Forager returns in the 2017 miniseries Bug! The Adventures of Forager, published as part of DC's Young Animal imprint. In the series, Forager awakens in a dream world following his death and encounters Sandman, who brings him to the real world by saying his nickname, "Bug".

===Female Forager===

Forager from Countdown #29, art by Ian Churchill.

A second, female Forager appears as the new defender of the bugs in a subsequent New Gods series in 1989. She is given the name of her people's fallen champion by the Prime One and Queen Widow, the leader of the bugs.
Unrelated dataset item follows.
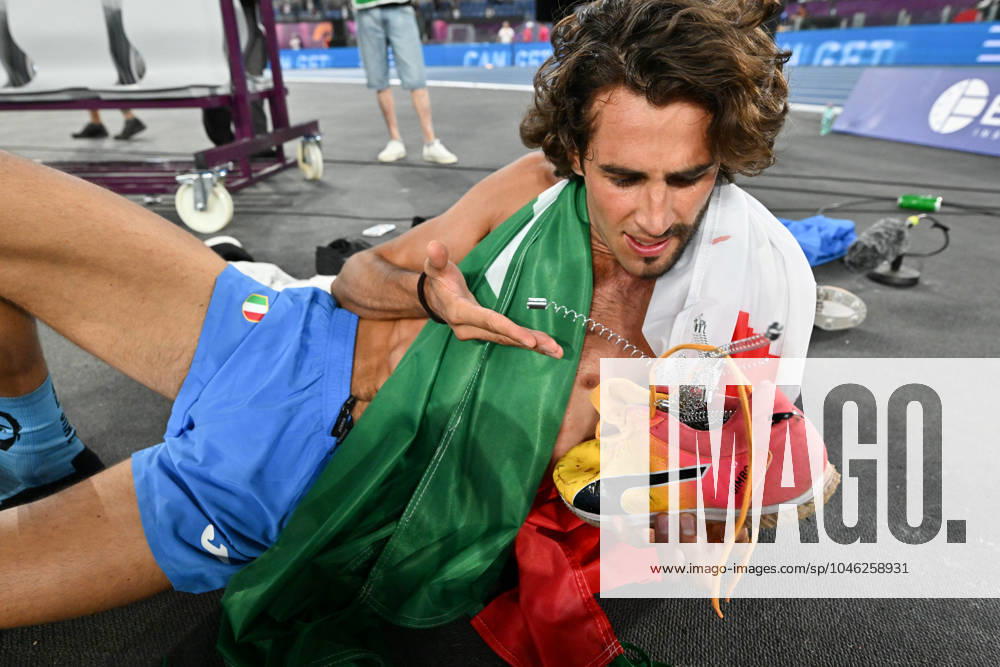 Foto IPP Cavaliere Emiliano. Roma. 11 06 2024. Atletica. Campionati Europei di Atletica. Nella foto: Gianmarco Tamberi mostra le scarpe con le molle nell esultanza dopo aver vinto la medaglia d oro e il titolo di campione europeo di salto in alto Italy Photo Press - World Copyright italy ITALY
She appears again in Countdown to Final Crisis #40 spying on Darkseid to find out about Lightray's death, and she later recruits Jimmy Olsen to help her stop the murders of the New Gods. Jimmy and Forager later enter a romantic relationship. Over the course of the series, Forager and the other protagonists of Countdown are witness to the death of the New Gods, the Great Disaster, and the corruption of Mary Marvel. In its final issue, she ends her relationship with Jimmy and joins forces with Donna Troy, Atom, and Kyle Rayner to protect the multiverse.

==Powers and abilities==
Forager possesses similar abilities to the New Gods, including superhuman strength, endurance, speed and reflexes. Forager's incredible strength allows him to face much bigger enemies, jumping several meters high easily and running to great speed without fatigue. Forager is extremely long-lived and immune to diseases. Also, he is an accomplished fighter, hardened by the bugs' harsh life of hunting and survival. In addition to his natural abilities, Forager carries a variety of tools including a shield, adhesive pads on his gloves and boots that allow him to stick or climb walls and surfaces, and acidic pods.

==In other media==

=== Television ===
- The original Forager makes a cameo appearance in the Superman: The Animated Series episode "Apokolips...Now!".
- The original Forager appears in the Justice League episode "Twilight", voiced by Corey Burton. This version is modest and reveres the Supertown Gods. While aiding Batman and Wonder Woman in stopping Darkseid's attack on New Genesis, Forager uses his hive to provide shelter for Supertown's inhabitants after the New Gods abandon them. Following this, Highfather promotes Forager to a higher rank.
- Forager appears in Young Justice, voiced by Jason Spisak. This version possesses a more insect-like appearance with four arms, can roll up into a ball, and displays an odd connection to sentient technology. Additionally, he does not use pronouns due to his race's unique sense of self. Introduced in the third season, Young Justice: Outsiders, Forager contacts the Team to help stop a war between the Bugs and New Gods, only to be banished from his hive by Mantis and earn the wrath of Ma'alefa'ak, who orchestrated the conflict. As it is no longer safe for him on New Genesis, the Team takes Forager with them to Earth, where he joins them in fighting the Light and takes on the human identity Fred Bugg via a glamour charm to attend Happy Harbor High School. He later reveals his true identity to his classmates, to their enjoyment. As of the fourth season, Forager has become class valedictorian, graduated from Happy Harbor High, and enters a relationship with a female purple Forager (voiced by Nika Futterman), who later becomes a Green Lantern after Lor-Zod kills Tomar-Re.
- The original Forager makes a non-speaking cameo appearance in the Harley Quinn episode "Inner (Para) Demons".

=== Video games ===
Forager appears as a character summon in Scribblenauts Unmasked: A DC Comics Adventure.